= Ministry of Environment and Climate Change (Qatar) =

Government ministry of Qatar

The Ministry of Environment and Climate Change was established by a ministerial decision attended by Sheikh Tamim bin Hamad Al Thani, Emir of the State No. 57 of 2021. The Ministry of Environment and Climate Change is a service ministry that specializes in achieving many goals, foremost of which is protecting the environment, preserving its resources, and reducing emissions that cause climate change.

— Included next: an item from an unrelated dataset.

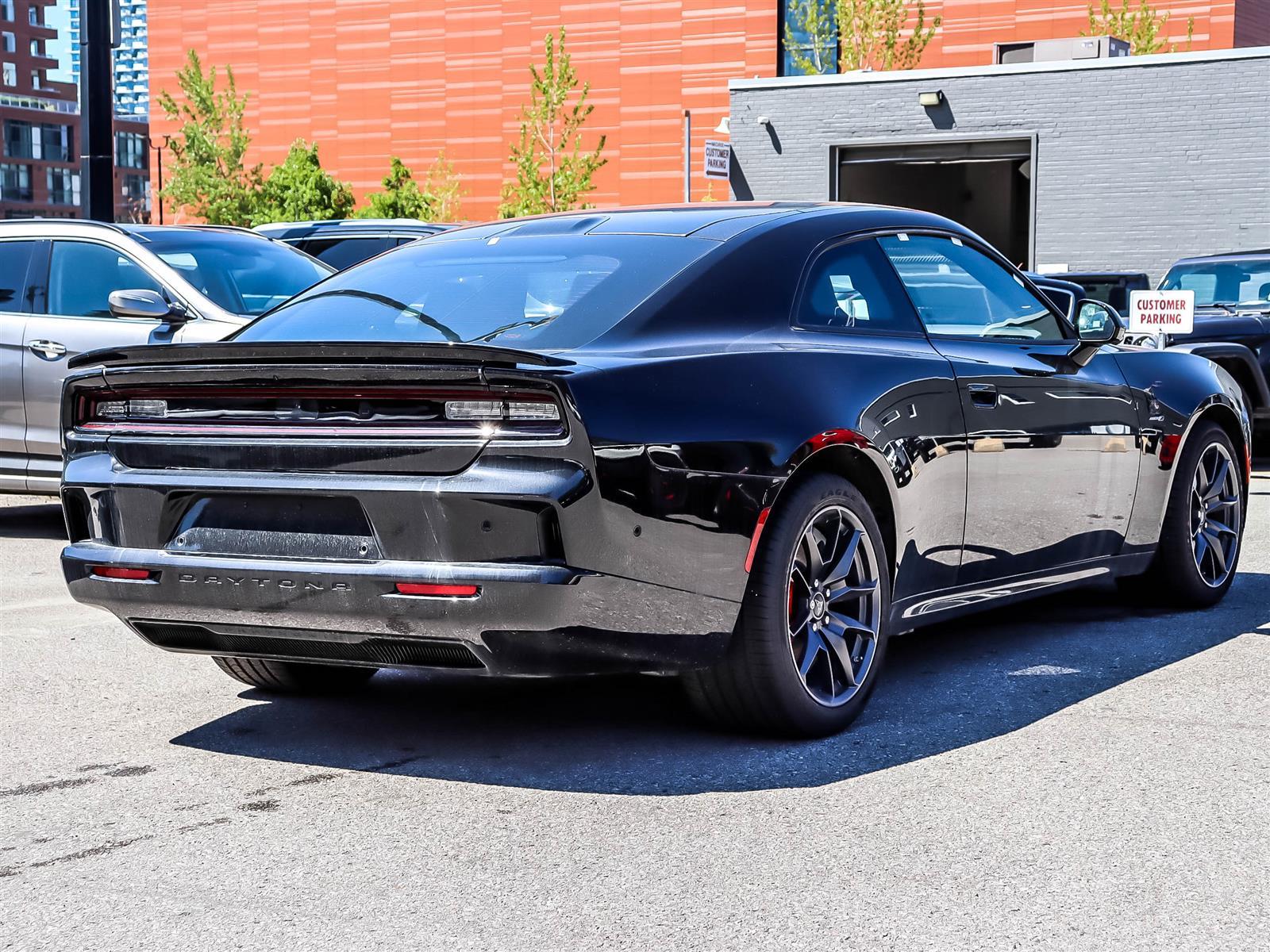 2024 Dodge Charger Daytona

The current Minister is Abdulla bin Abdulaziz bin Turki Al Subaie.

== Ministry tasks ==
The Ministry of Environment and Climate Change is concerned with everything related to the affairs of the environment and climate change, and in particular it shall have the following:

- Propose and implement public policies to protect the environment and reduce emissions that cause climate change.
- Conducting and evaluating the studies necessary to protect the environment.
- Supporting and developing institutions that work on developing public awareness about the importance of preserving and protecting the environment.
- Encouraging the use of technological developments to support and protect the environment.
- Development of wildlife and marine life, protection of their natural habitats, and follow up of related activities.
- Controlling the handling of chemical and radioactive materials, and managing radioactive waste, follow up on the peaceful uses of nuclear energy.
- Promote the environmentally friendly uses of treated wastewater and recycled solid waste.
- Issuing environmental licenses for industrial development projects.
- Monitoring industrial environmental violations and conducting the necessary inspections
- Managing and supervising nature reserves.